I know a man who is a hopeless alcoholic. He has lost everything because of his decades long addiction. He has been in and out of treatment numereous times, and has also attempted long-term rehabilitation programs. Only to fail over and over again and to return to the very thing that he has despised himself for doing.
When he is sober, he wants very much to rebuild his life. He looks at the wreckage he has made of it and feels the impossible weight of ever being able to live a stable, healthy life. He is lost among the rubble of his own soul.
He was not born for this. When he was a child he did not wish about himself to grow up to become a homeless alcoholic. It is not who he is. Not then, and really, not now.
This man is a brother in the faith. He is a Christ follower. Does that surprise you? His heart for God is real. There is a faith in him that is anchored like a deep root. No matter how messed up everything is, he does not blame the Lord for his place in life.
In fact, he often finds moments of gratitude in the simpliest details of everyday life. Like when he found money on the street. Or when he remembered a randomly found tool that he pocketed weeks earlier, yet rediscovered in just the moment when such a tool was needed. He breathes an alcohol-soaked thank you to his Creator and carries on in the valley of his death.
And it is a death. Alcoholism is killing him.
The smallest of comfort, though, lies hidden in a cave in the wilderness of his invisible self.
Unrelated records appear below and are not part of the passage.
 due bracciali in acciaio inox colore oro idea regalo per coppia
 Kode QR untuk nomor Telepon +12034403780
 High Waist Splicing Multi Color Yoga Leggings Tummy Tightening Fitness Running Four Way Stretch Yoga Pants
It is the tiniest fraction of light that there is indeed a good God of love who does care for him No Matter What. This truth was seeded in him long ago, and it has not been drowned out by the liquor.
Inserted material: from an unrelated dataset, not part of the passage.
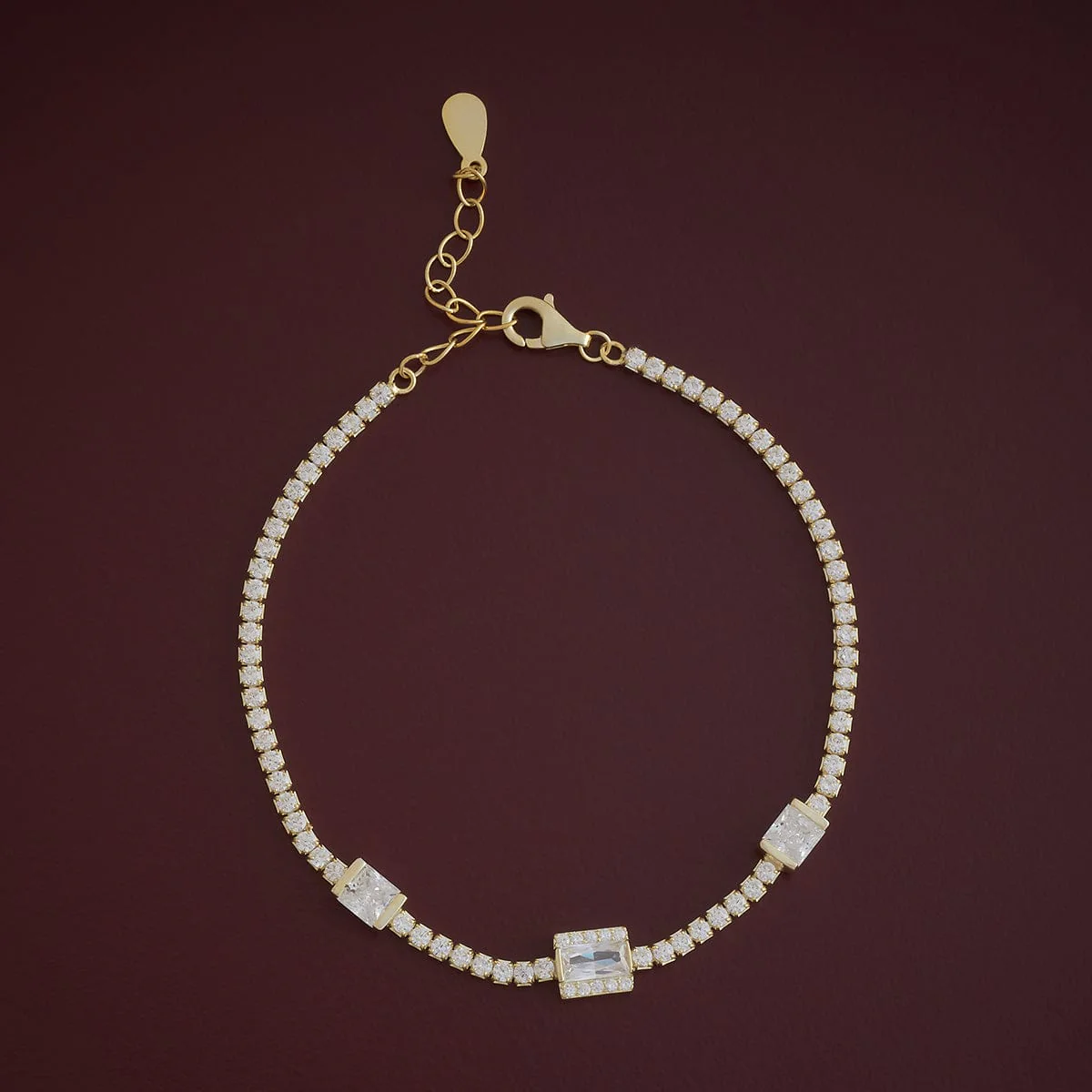 92.5 Silver Bracelet 180667 - Image 4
Many waters cannot quench love,
nor can rivers drown it. (Song of Songs 8.7)
In the dragon’s grip of drink, the fragrant scent of God’s love still swirls around him. He is hooked, more on God’s love, actually, than the alcohol. For if alcohol truly had his soul, he would not know that small comfort that lies inside of him like a secret garden in a wilderness. No. God has him. God has this brother of ours and his grip is much firmer than any dragon of drink.
I hope he stays with us a while. I hope he dies sober much later in the journey. But no matter what happens, he is a loved man.
When you encounter the addict or alcoholic on the street, do not look away. For when you do, you are looking away from Jesus.